» Assignment
From the line with "Collier de serrage" through the line with "How to make", inclusive, return each line of the data below exactly and leave the rest out.

» Working data
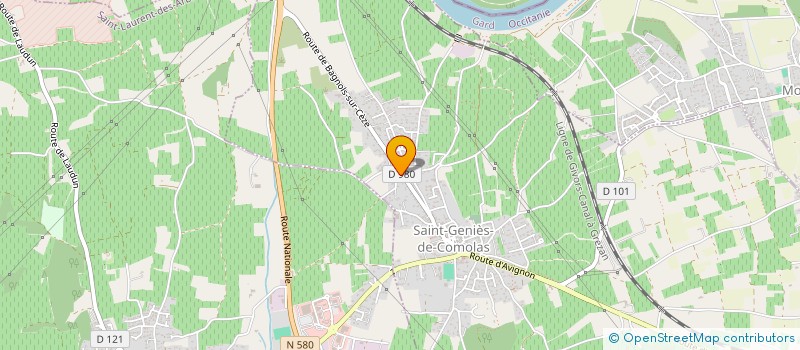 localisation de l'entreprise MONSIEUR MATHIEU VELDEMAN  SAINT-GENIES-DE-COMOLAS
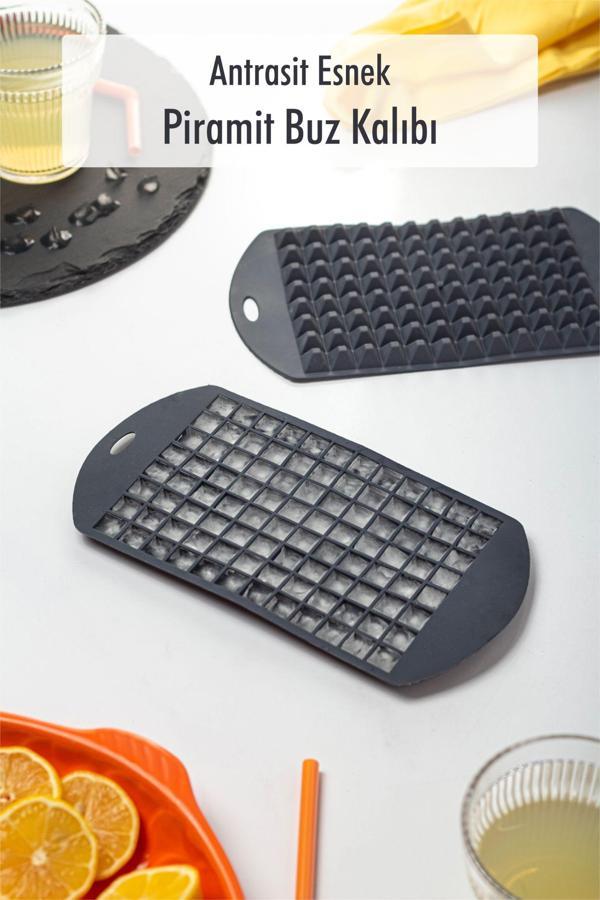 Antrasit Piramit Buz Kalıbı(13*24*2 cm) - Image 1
---
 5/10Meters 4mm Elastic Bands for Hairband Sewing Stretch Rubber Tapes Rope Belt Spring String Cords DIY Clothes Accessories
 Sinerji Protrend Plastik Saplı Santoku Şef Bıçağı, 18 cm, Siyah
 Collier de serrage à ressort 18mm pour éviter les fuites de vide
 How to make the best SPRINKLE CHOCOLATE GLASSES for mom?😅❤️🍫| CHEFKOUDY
--
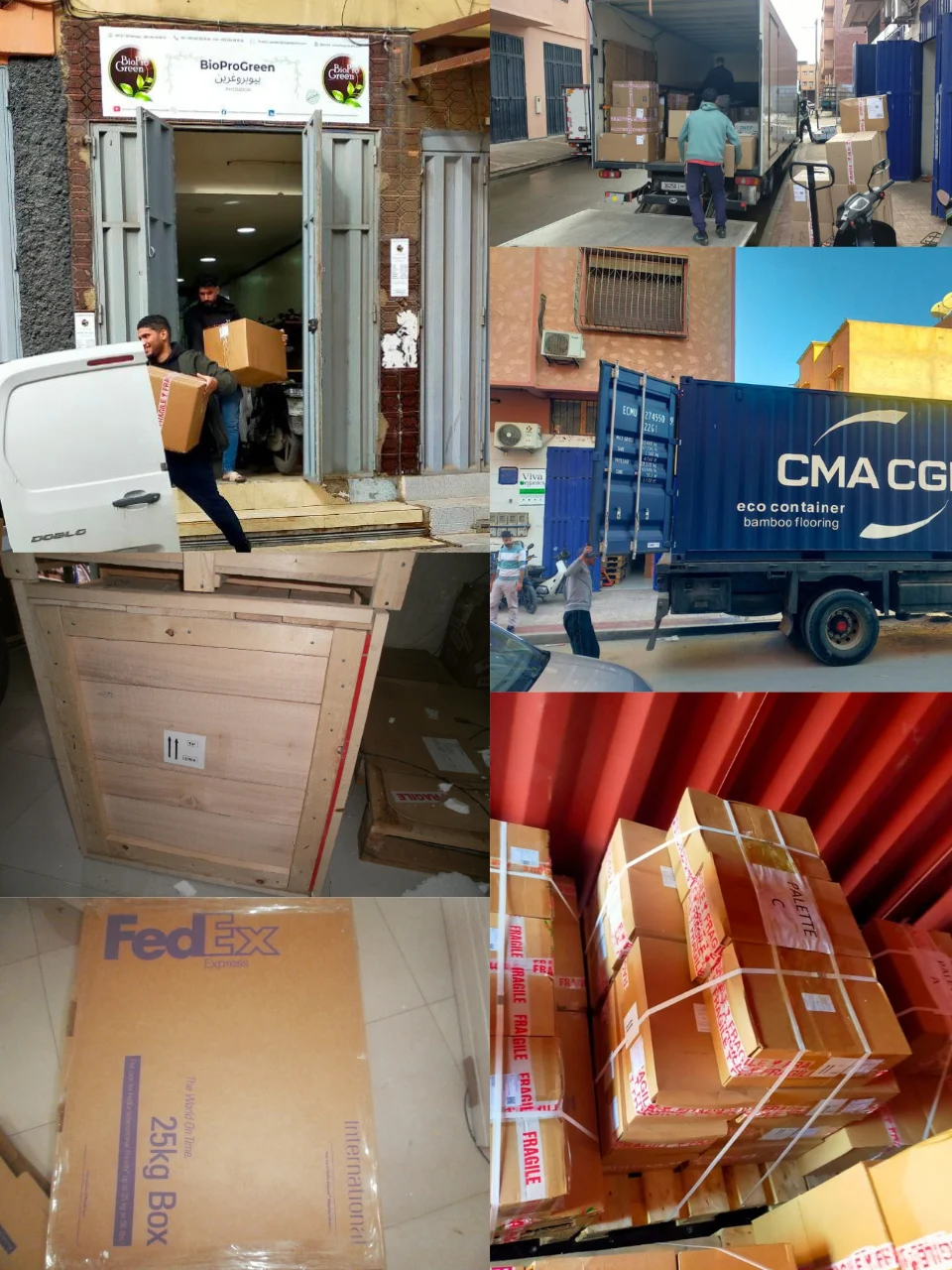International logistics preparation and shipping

» Solved problem
 Collier de serrage à ressort 18mm pour éviter les fuites de vide
 How to make the best SPRINKLE CHOCOLATE GLASSES for mom?😅❤️🍫| CHEFKOUDY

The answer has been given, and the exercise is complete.